TASK DESCRIPTION: Leave out the pictures and repeat exactly the lines from the one containing "Two girls leaning" through the end of the records.

──────── STUDY MATERIAL ────────

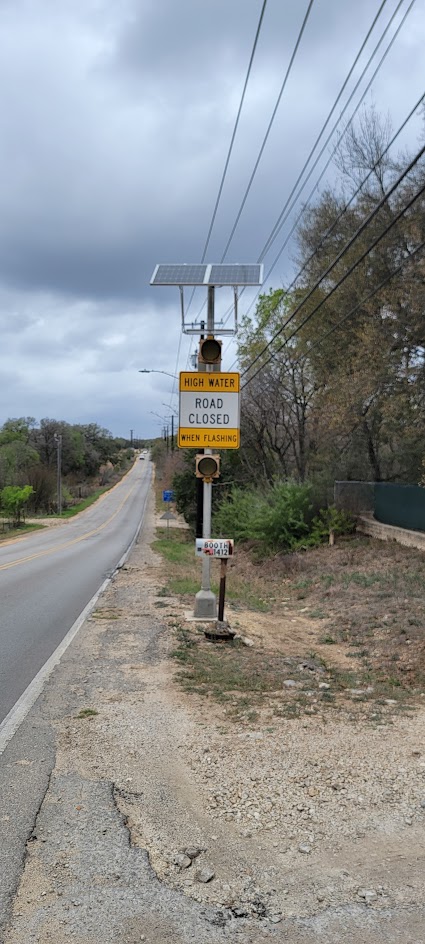 A solar-powered low-water crossing warning system beside a rural road, with a High Water Road Closed When Flashing sign and amber warning beacons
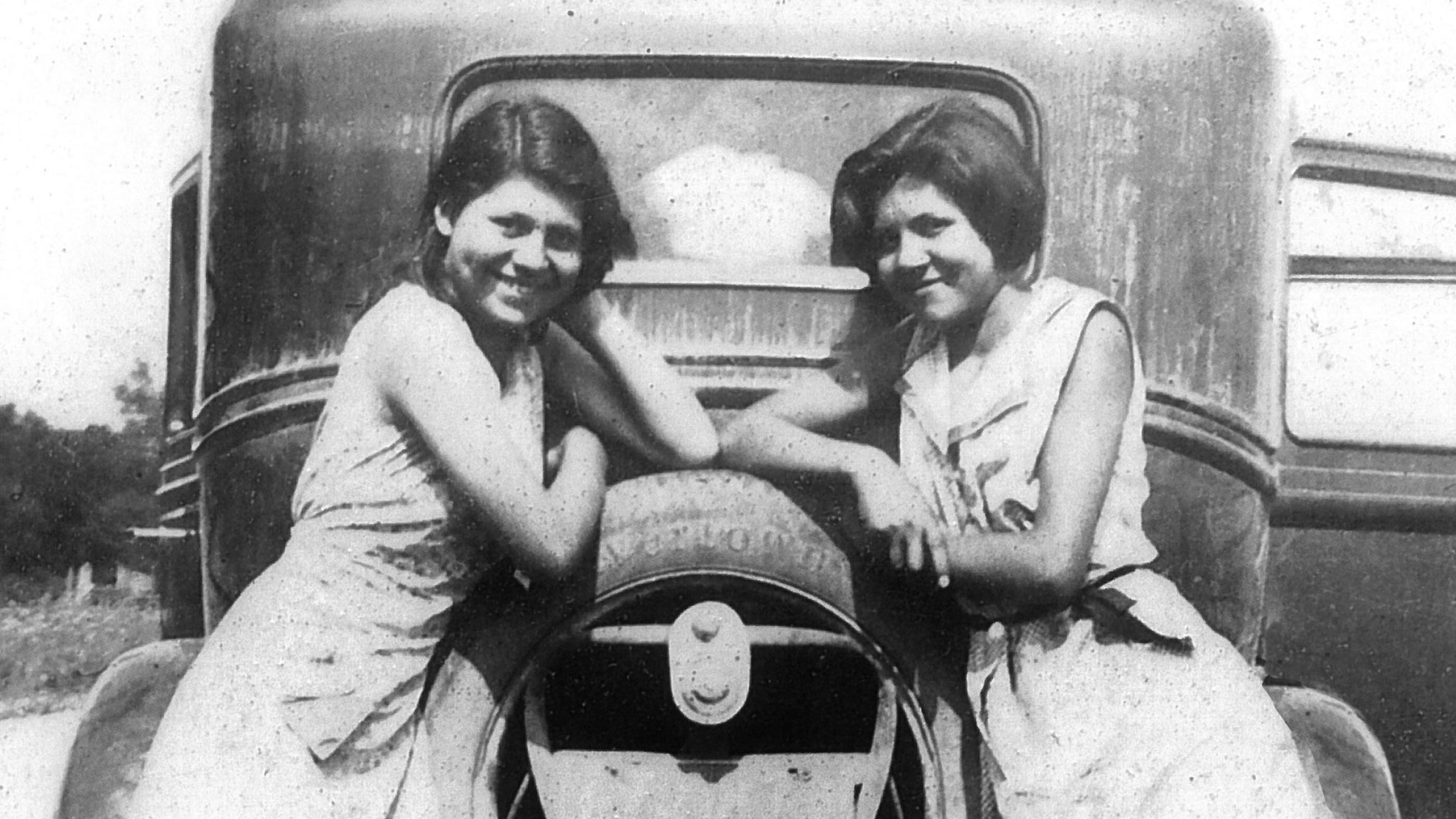 Two girls leaning on back of very old car in black and white.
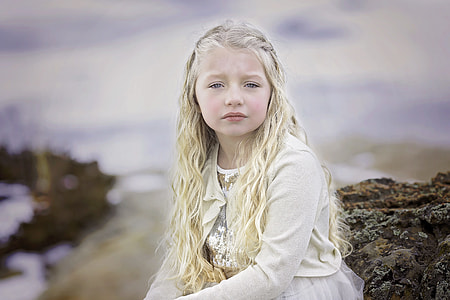 girl in white cardigan sitting on stone during daytime thumbnail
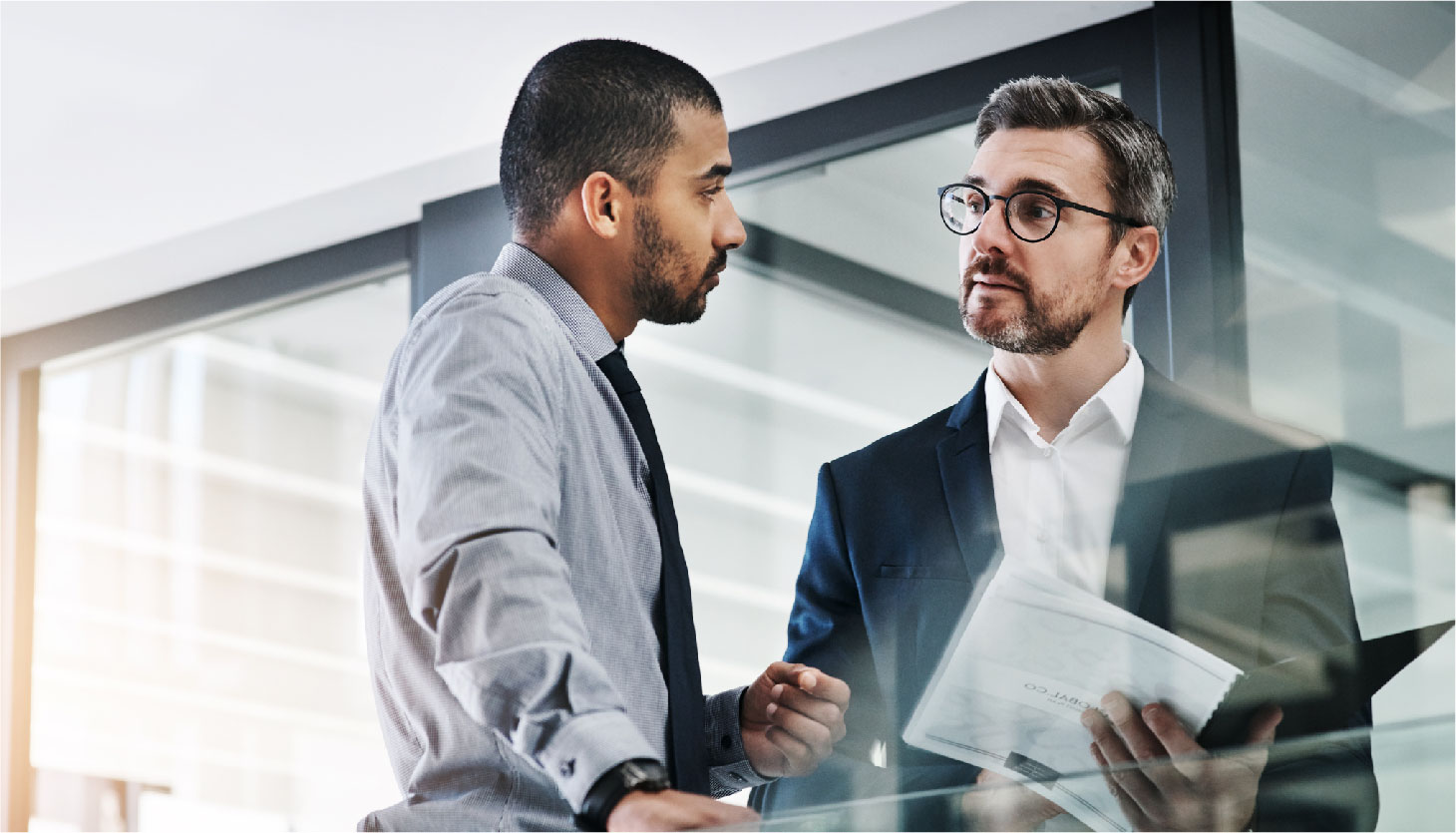 Two businessmen in the office talking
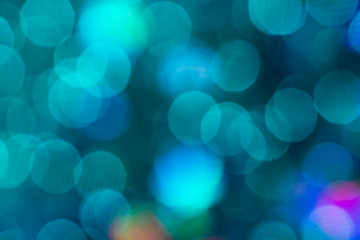 Colorful glitter abstract background with bokeh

────────

RESPONSE TO THE EXERCISE:
 Two girls leaning on back of very old car in black and white.
 girl in white cardigan sitting on stone during daytime thumbnail
 Two businessmen in the office talking
 Colorful glitter abstract background with bokeh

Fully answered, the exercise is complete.